Calon presiden dan wakil presiden nomor urut 02 Prabowo Subianto- Sandiaga Uno (Foto: ANTARA)

Geosiar.com, Jakarta – Ahmad Riza Patria, anggota Badan Pemenangan Nasional (BPN), mengumumkan pada sore ini Selasa (14/5/2019), calon presiden dan wakil presiden nomor urut 02 Prabowo Subianto-Sandiaga Uno akan membeberkan data-data terkait dugaan kecurangan Pemilihan Presiden (Pilpres) 2019.

“Ada data-data yang ditemukan BPN, berbagai kecurangan yang ada, saya kira nanti akan dipaparkan kecurangan apa yang ada pada masa sebelum hari H, hari H, maupun setelah hari H,” kata Riza di Kompleks Parlemen, Senayan, Jakarta, Senin (13/5/2019).

Acara tersebut diselenggarakan sore ini, Selasa (14/5/2019) pukul 15.30 WIB di Hotel Grand Sahid Jaya, Jakarta Pusat.

Dalam acara tersebut, BPN mengundang sejumlah tokoh masyarakat, media massa dan termasuk pemegang kepentingan pemilu.

Riza mengatakan, acara tersebut adalah sebuah bukti bahwa pihaknya benar-benar menyampaikan dugaan kecurangan secara komprehensif, holistik, terbuka dan transparan.

“Ini bukti bahwa kami memang menyampaikannya secara apa adanya, komprehensif, holistik, terbuka, tidak tertutup. Nanti silakan ada yang bertanya, berdialog, semua dipaparkan secara lugas, secara transparan dan terbuka,” tegas Riza.

Sebagai informasi, per tanggal 10 Mei 2019, BPN telah melaporkan setidaknya lima dugaan kecurangan terstruktur, sistematis dan masif selama penyelenggaraan Pilpres 2019 kepada Badan Pengawas Pemilu (Bawaslu).

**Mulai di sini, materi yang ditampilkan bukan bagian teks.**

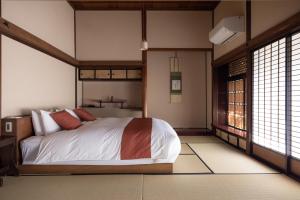 a bedroom with a bed in a room with windows at Shirafuji in Suzaka +26 photos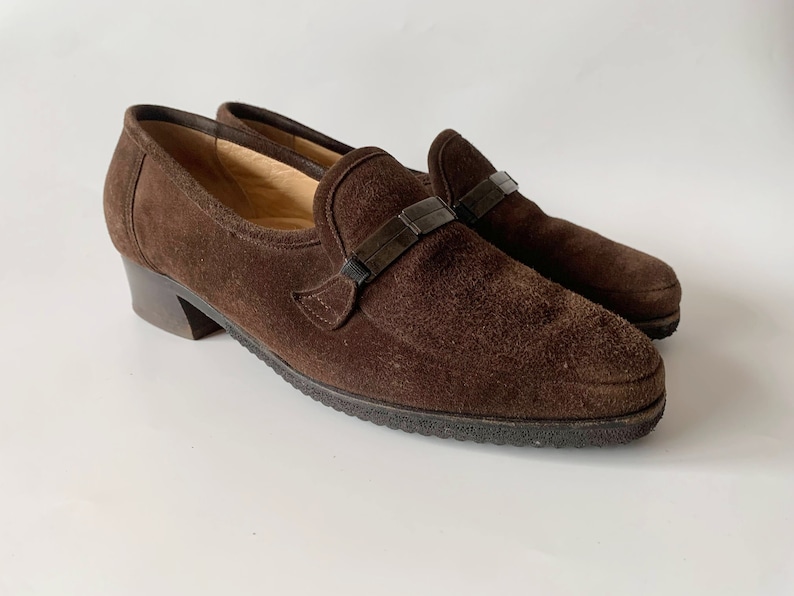 May include: Brown suede heeled loafers with a black buckle detail.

Berikut adalah laporan BPN kepada Bawaslu:

  1. Terkait penggiringan opini oleh Komisi Pemilihan Umum (KPU) sebagai penyelenggara pemilu untuk kepentingan pasangan calon nomor urut 01.
  2. Terkait keterlibatan aparatur sipil negara (ASN) untuk kemenangan pasangan calon nomor urut 01.
  3. Terkait dugaan kecurangan yang diperlihatkan rekapitulasi dokumen C1 untuk kemenangan pasangan calon nomor urut 01.
  4. Terkait laporan dugaan kecurangan yang terstruktur, sistematis dan masif tentang penyelenggaraan pemilu luar negeri untuk kemenangan pasangan calon nomor urut 01.
  5. Terkait pengkondisian penggunaan logistik sebagai media kecurangan dalam memenangkan pasangan calon nomor urut 01.